SD ? What exactly dish you have ? Cabling ? Switch ?


----------



## scrooge7 (Aug 16, 2007)

P Smith said:


> SD ? What exactly dish you have ? Cabling ? Switch ?


hello PSmith

I have the dish 500 the signal strength is good on t19 and the swith is also good.once I have cancel out, the dialog box is stuck on searching for information.


----------



## P Smith (Jul 25, 2002)

What switch check screen show ?


----------



## scrooge7 (Aug 16, 2007)

P Smith said:


> What switch check screen show ?


it show dishpro connections, input 1 and 2,status satellite reception verified and the super dish/129 box is checked.


----------



## P Smith (Jul 25, 2002)

Uncheck it - you have regular two sats 119/119 Dish500.


----------



## scrooge7 (Aug 16, 2007)

P Smith said:


> Uncheck it - you have regular two sats 119/119 Dish500.
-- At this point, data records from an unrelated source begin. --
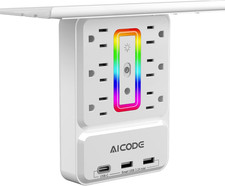 Socket Outlet Shelf,Wall Outlet Extender Surge Protector with Nightlight,6 Outle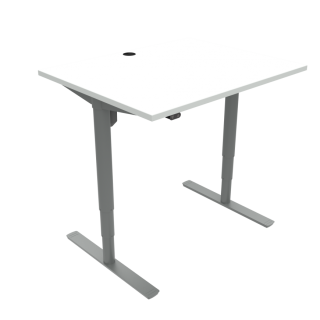 Hæve-/sænkebord | 100x80 cm | Hvid med sølv stel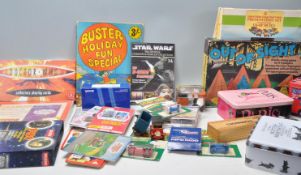 TOY - older selection. Diecast model vehicles, games etc in banana box. Good variety.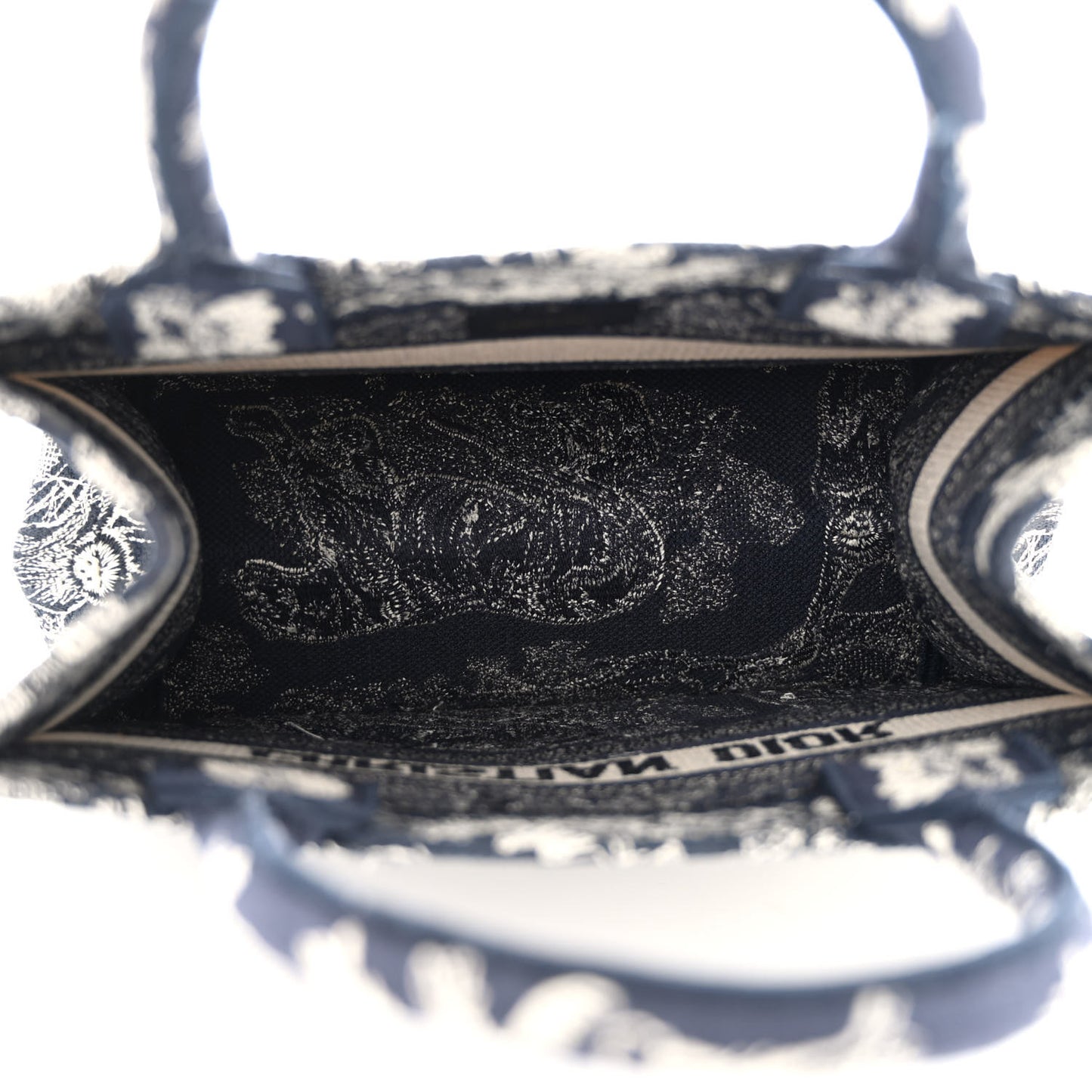 Canvas Embroidered Small Dioriviera Toile De Jouy Book Tote Blue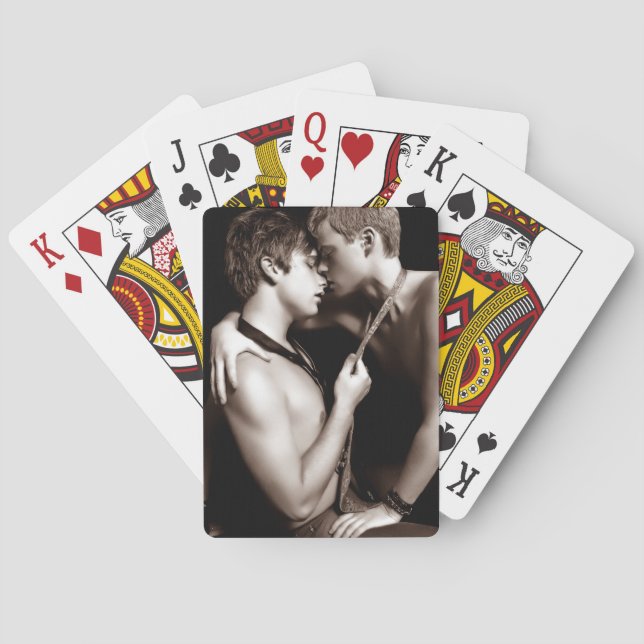 Baralho cartões alegres do amor do menino (Verso)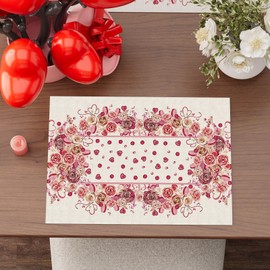 BOTB LIHM Romantic Valentines Day Pink Roses Flowers Love Hearts Candies Cloth Placemats Set of 4 Table Mats Table Decorations 12x18 Inch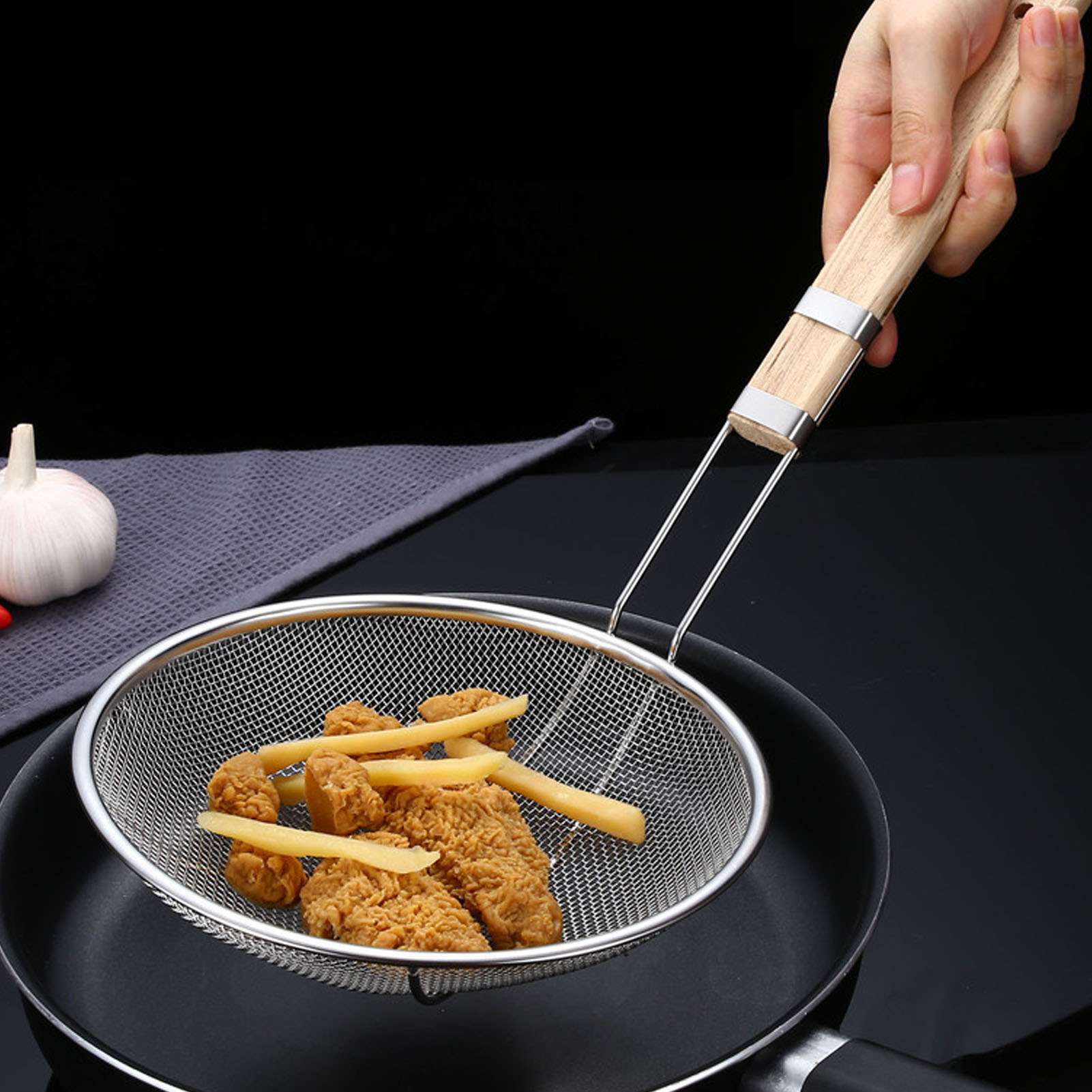 Feinmaschiges Sieb, Universell Einsetzbar, Edelstahl, Holzgriff, Stabiler Ölauffanglöffel Für Die Heimische Küche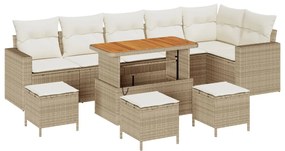 10 darabos Kerti kanapé szett párnákkal Bézs Poly Rattan Akáciával, 4 darabos Kerti Étkező Szett párnákkal Bézs Poly Rattan Akáciával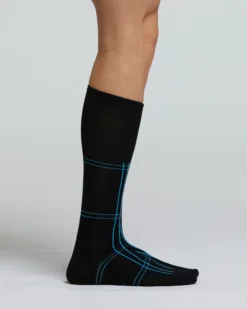 CALZA LUNGA COTONE AMARANTO MOTIVO A RIGHE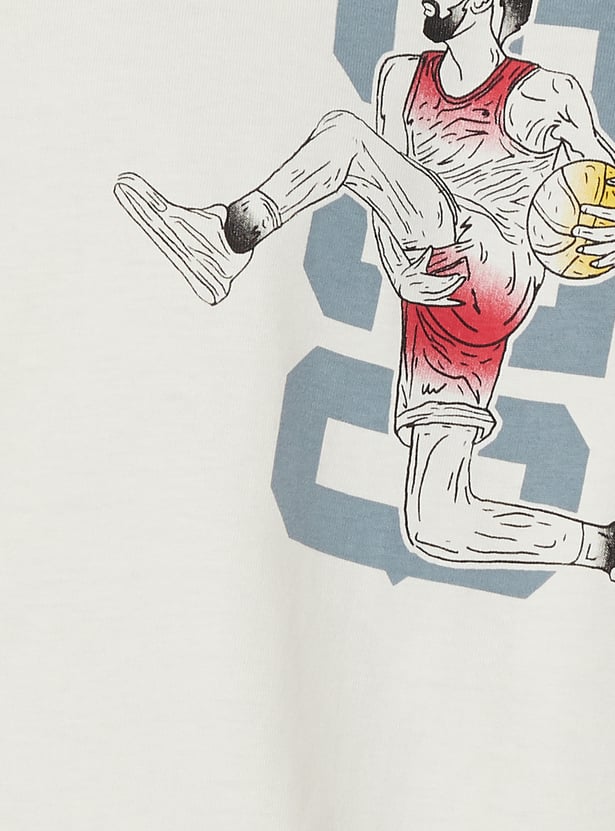Men Back Print Sports T-shirt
thank you for all of your help.somehow even when that is been unchecked.the dialog box goes from finding saterlite to getting information and freeze on that screen.I wonder should I have to leave it for 24 hrs since the software is so outdate.I guess I will contact the seller to see if he takes this back.thanks again for all your help.
sincerly
scrooge7


----------



## BobaBird (Mar 31, 2002)

That may be the initial factory software which should automatically update to the newest version (currently P388). Is the receiver supposed to be new?


----------



## Jason Nipp (Jun 10, 2004)

scrooge7 said:


> hello
> I have just purchase an hd 811 unit on ebay. After turning it on it stuck on vital program information with the status:searching for information.The software I have it is Po56LAHD-n and the bootstrap is 1012LaHD.Is this a defective unit.I have called Dish but they could not help me until the new software is updated. I have left it on for 6 hrs now and it is still at the warning 061 dialog box.Any help is greatly apreciated.Thanks in advance.
> sincerly
> 
> scrooge7


IIRC, the -n signifies system normal, as such I believe this is the Hardware version and Bootstrap version, not the receiver's firmware version.
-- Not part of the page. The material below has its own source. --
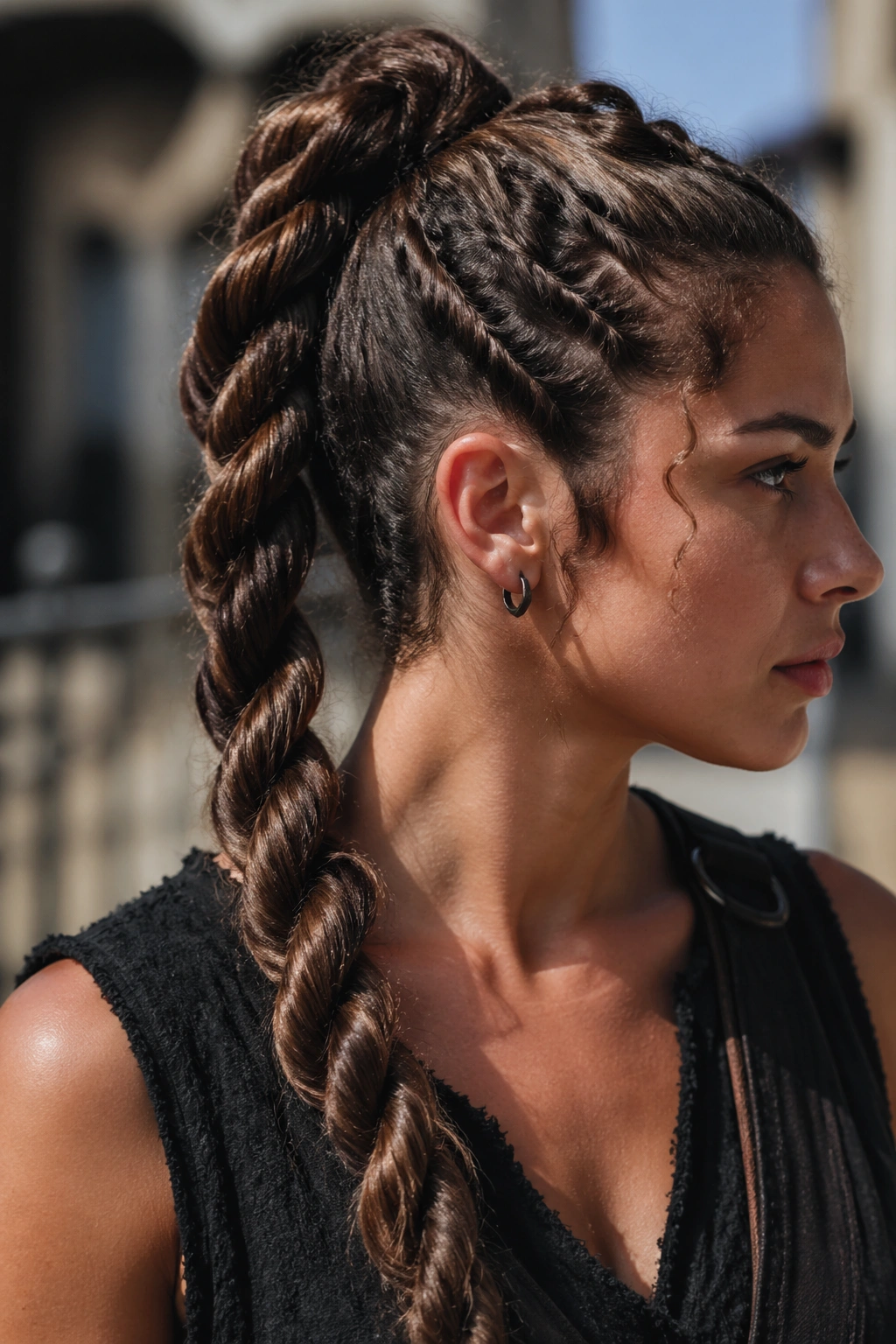 Close-up of a real person with a rope-twist ponytail hairstyle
Press Sysinfo and tell us what appears under the first line => Software Version.


----------



## Jason Nipp (Jun 10, 2004)

Also I noticed that you said HD 811, and not DP811.

Does this receiver have Dish Network silkscreened on the front panel or does it have a Bell or ExpressVue silkscreen logo on the front panel?

There is an 811 version for the US market, and there is also a Canadian 811 version.


----------



## scrooge7 (Aug 16, 2007)

Jason Nipp said:


> Also I noticed that you said HD 811, and not DP811.
> 
> Does this receiver have Dish Network silkscreened on the front panel or does it have a Bell or ExpressVue silkscreen logo on the front panel?
> 
> There is an 811 version for the US market, and there is also a Canadian 811 version.


Hello Jason

thank you for all the great info,as soon as I get home from work I will post the info.on the front it said HD 811,I will get the sysinfo once I get home.on the back of the unit it said modelISH811 made in usa.main board 021102bp05805e.Again thank you for all the great help.


----------



## scrooge7 (Aug 16, 2007)

Jason Nipp said:


> Also I noticed that you said HD 811, and not DP811.
> 
> Does this receiver have Dish Network silkscreened on the front panel or does it have a Bell or ExpressVue silkscreen logo on the front panel?
> 
> There is an 811 version for the US market, and there is also a Canadian 811 version.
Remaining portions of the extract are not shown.